Good for you. Consider yourself lucky that you have calm bees.

I have 2 hives. One was a package I got from Georgia. The other a full hive that some amish guy had. The amish moved and left it and the people who bought the property didn't want them.

I noticed right away when I tried to get into the amish hive they weren't friendly.

Since then, my package hive has got a major attitude - in fact, they are now worse than the amish hive! But I know that they have brood and honey they are protecting now - and besides, they say "hot" hives usually produce more.


----------



## tom j (Apr 3, 2009)

I still can not understand why there were no stings ..when I dropped the comb ,, I thought that they would show what that little back end has in it ,,, no one is more surprised , about not getting stung then me . :shocked::shocked: I thought I would more then make up for the few stings I've gotten from the first year having bees .. I never have been slow and careful ,, the kids say I'm like a bear in the hives .. so here I need a calm hive ,, the grand kids like to work the hives with me ,, if they find out that I'm in the hives they come running , and want to help .. this summer they liked to pick drones off the frames and pet them .. they would push the worker bees around so they could find drones ... they also like playing right in front of the hives ,, like 6 feet from the hives ,, and now and then closer .. we would tell them its not a good idea to play in front of the hives ,, they would look at the hives and say ,, yea we know . the bees coming back to the hive would fly right into them ,, but no stings .. they all have got stung more then once so they know what it feels like . but thats kids ..


----------



## alleyyooper (Apr 22, 2005)

I dropped a whole frame with a bunch of bees on it once. Bet you can't guess who got the mad bees around them and stung? Even today Kare gets this wild evil look in her eyes if I even bobble a frame, which earns a lecture.

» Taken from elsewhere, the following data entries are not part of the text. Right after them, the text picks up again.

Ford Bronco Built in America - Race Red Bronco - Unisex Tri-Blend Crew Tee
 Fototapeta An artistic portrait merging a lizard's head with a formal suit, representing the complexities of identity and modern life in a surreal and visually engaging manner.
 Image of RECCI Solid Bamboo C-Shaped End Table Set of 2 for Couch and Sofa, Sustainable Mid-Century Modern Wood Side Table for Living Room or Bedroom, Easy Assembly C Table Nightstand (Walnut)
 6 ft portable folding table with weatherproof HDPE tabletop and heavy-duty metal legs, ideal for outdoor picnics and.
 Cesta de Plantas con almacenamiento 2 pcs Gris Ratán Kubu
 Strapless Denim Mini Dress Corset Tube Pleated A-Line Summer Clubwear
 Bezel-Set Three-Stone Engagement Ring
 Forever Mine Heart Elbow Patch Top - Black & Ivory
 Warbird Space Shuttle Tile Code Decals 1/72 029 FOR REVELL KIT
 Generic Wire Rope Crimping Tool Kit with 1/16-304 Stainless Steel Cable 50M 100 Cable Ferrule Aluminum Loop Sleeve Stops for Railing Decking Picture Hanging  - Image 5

Here it was colder day yesterday than we have had in some time. It is also the time of the year when the girls protect their store with viger.
I want to inspect a few hoives in the a couple of outyards. Never even took the smoker out of the box and lit it. I told kare I am so glad we raise queens that have that trait of kill on sight, YA RIGHT. They were about as gentile as in the middle of a spring flow.

 Al


----------



## Queen Bee (Apr 7, 2004)

If your hives are calm--why are you killing the queen? Is the laying pattern bad? low? Are your hives not thriving? If the hive is strong and the queen is doing well..I would leave her in there..


----------



## tom j (Apr 3, 2009)

I stated the queens to late in the spring so I have to join the 2 , and with those 2 I messed up big time ,, no fault of eather queen


----------